┌─ LISTED ENTRIES

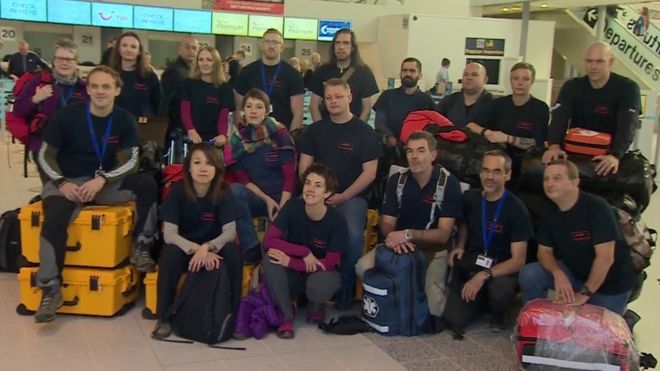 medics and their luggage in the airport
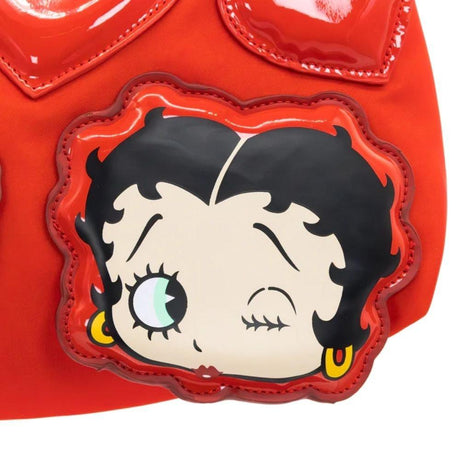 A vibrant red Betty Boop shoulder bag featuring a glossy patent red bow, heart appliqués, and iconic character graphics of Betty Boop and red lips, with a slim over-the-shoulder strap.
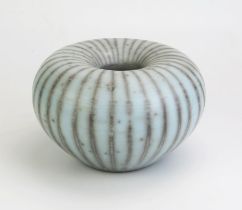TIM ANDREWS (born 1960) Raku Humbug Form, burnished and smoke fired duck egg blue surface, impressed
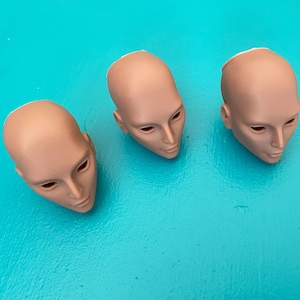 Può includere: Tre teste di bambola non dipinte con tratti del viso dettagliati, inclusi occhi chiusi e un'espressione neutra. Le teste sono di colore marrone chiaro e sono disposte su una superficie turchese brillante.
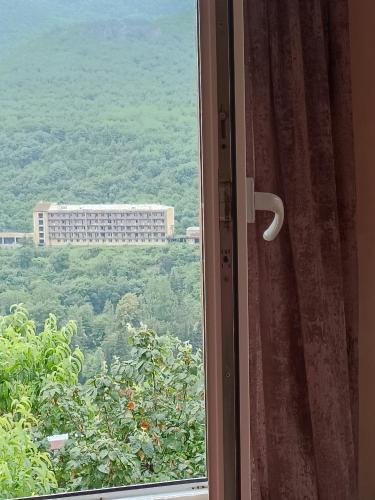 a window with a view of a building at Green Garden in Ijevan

└─

## WHAT YOU ARE ASKED TO DO
Reproduce every record verbatim, please. Omit the images.

## OUTPUT OF THE TASK
 medics and their luggage in the airport
 A vibrant red Betty Boop shoulder bag featuring a glossy patent red bow, heart appliqués, and iconic character graphics of Betty Boop and red lips, with a slim over-the-shoulder strap.
TIM ANDREWS (born 1960) Raku Humbug Form, burnished and smoke fired duck egg blue surface, impressed
 Può includere: Tre teste di bambola non dipinte con tratti del viso dettagliati, inclusi occhi chiusi e un'espressione neutra. Le teste sono di colore marrone chiaro e sono disposte su una superficie turchese brillante.
 a window with a view of a building at Green Garden in Ijevan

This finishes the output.